Depois que os escândalos na prisão de Abu Ghraib mostraram o quanto os EUA faziam a festa e o bolo e curtiam muito, e envoltos todos no nevoeiro da guerra, sunitas e xiitas, simultaneamente, decidiram lutar contra a ocupação (os curdos pouco se incomodaram); e um grupo ligado à al-Qaeda encontrou a brecha de que precisava e pôs-se a explorá-la no seio da população sunita minoritária.

Apesar de, naquele momento, o grupo terrorista ter sido neutralizado, mediante várias missões de punição das Forças de Operações Especiais que incineraram vários líderes da al-Qaeda e de muitos sacos de dinheiro distribuídos entre as tribos sunitas, especialistas da inteligência dos EUA temem que, hoje, a al-Qaeda esteja ressurgindo no Iraque.

A ocupação norte-americana no Iraque também criou dificuldades extras, que minaram a capacidade dos EUA para fabricarem uma narrativa convincente do apoio dos EUA aos levantes da Primavera Árabe no início de 2011 – que surgiram em momento em que os EUA dormiam ao volante e pegaram-nos de calças curtas.

No final, o Pentágono foi chutado, esperneando e aos gritos, para fora das bases em território iraquiano, pelo governo iraquiano.
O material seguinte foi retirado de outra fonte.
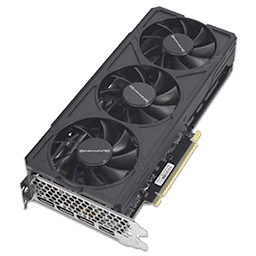 Was The 16GB RTX 4060 Ti A Mistake? Blocking Reviews, A Good Strategy? July  Q&A [Part 3]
Por todo o país, o fechamento daqueles preciosos postos, no que deveria ser um sempre crescente Império das Bases dos EUA, foi assinado num encontro a portas fechadas, sem alarido, durante o qual militares dos EUA e do Iraque assinaram documentos que dão ao Iraque o controle legal sobre as bases; em seguida, apertaram-se as mãos como ordena o protocolo e separaram-se rapidamente, sem que qualquer dos lados conseguisse disfarçar completamente o desprezo que todos sentiam, uns pelos os outros.
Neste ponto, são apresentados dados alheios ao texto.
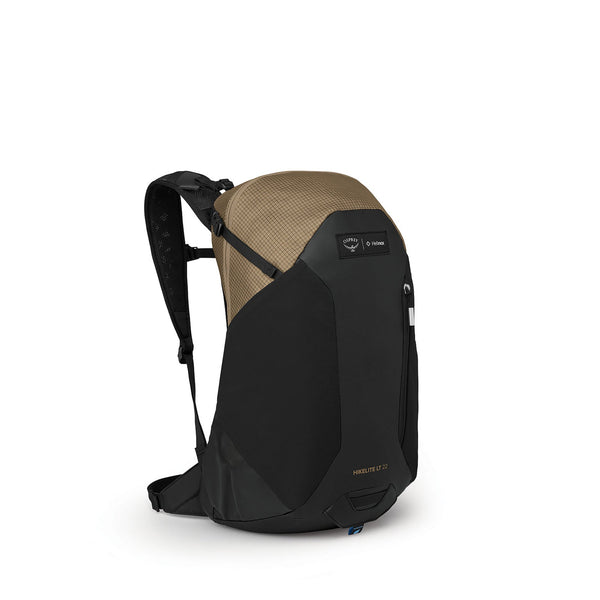 Helinox  Campcore x Helinox Hikelite LT 22 OS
O Chefe do Comando do Estado-Maior dos EUA, General Martin E. Dempsey, do exército, foi duas vezes comandante da forças norte-americanas no Iraque desde a invasão, em 2003. Durante a cerimônia, Dempsey observou que só voltará ao Iraque, quando for convidado.

Contatados para esse artigo, iraquianos que queimavam bandeiras dos EUA em Fallujah – cidade que foi destruída pelos EUA no final de 2004, na operação para “salvá-la” – disseram, sem que nada lhes fosse perguntado, que Dempsey que espere sentado, para não cansar.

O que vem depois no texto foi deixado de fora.